The right circumstance can turn anyone into a stream-of-consciousness texter.
In a 2021 Iowa Journal of Communication article, researchers analyzed existing studies on the topic, finding that “Texting — a relatively mundane activity on the surface — can cause significant strain within a relationship due to the potential hazards of miscommunication in just a split second of time.” After interviewing 42 college students, the authors found that texting’s promise of instant communication could easily turn into a “lack of privacy and the expectation to constantly be available for conversation.” The students liked how texting made them feel closer to their friends, but they didn’t like the pressure they felt to respond.
And sure, texting can be used like email, to send someone a short bit of information to be reviewed whenever they get to it. But it can also be used for real-time communication — which is what can make it so maddening. You never fully know if you’re being crazy or sensible for waiting around for a response. “In texting,” Shrestha explains, “the ball is in both your court and their court at the same time.”
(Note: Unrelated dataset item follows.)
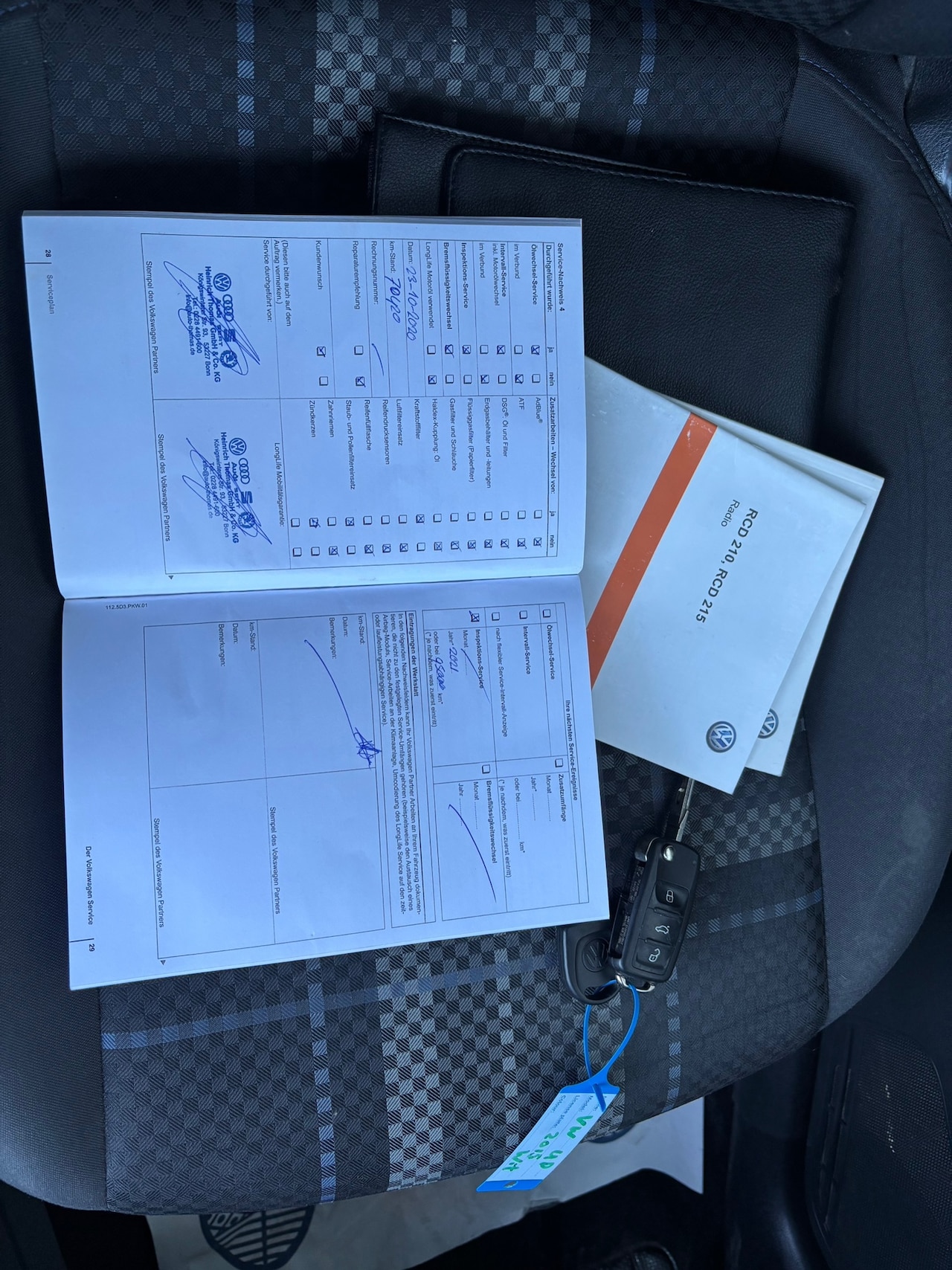 Volkswagen Up! - 1.0 high up! BlueMotion AIRCO//NAVI//AV+AB//STOELVERWARMING//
And some people like it that way. To quote another viral tweet: “u just need 1 friend to text your entire stream of consciousness to.” With the right person, stream-of-consciousness texts read like an intimate play-by-play of the sender’s thought.
Perhaps the key is to accept how your friends text — to understand that even if you’re always on your phone, shooting off message after message, they might not be. And that doesn’t necessarily mean they’re ignoring you. The authors of the Iowa Journal of Communications paper found that, in text conversations, “response timing largely depends on the context of the situation, as well as the nature of the perceived relationship to the sender,” but crucially, “individuals in close friendships or romantic relationships appear to be more accepting of responses that are not instantaneous.” The more substantial a relationship, the more resistant it is to the context collapse or miscommunications that plague texting. The benefit: “Frequent contact with others over text messages promote feelings of being loved, valued, and of being popular among (their) peer networks,” according to a 2012 paper about why teens care about texting.
To Flores, these findings ring true.“I don’t want to blow up someone’s phone or have a conversation on my own,” she explains, “but I don’t mind it when my friend does it.” And she likes knowing her friend is out there thinking about her. For her part, Shrestha keeps her egos and insecurities out of it. Pick a bone over a late reply or ignored text? “That would be like breaking up with your friend because they talk differently than you,” says Shrestha.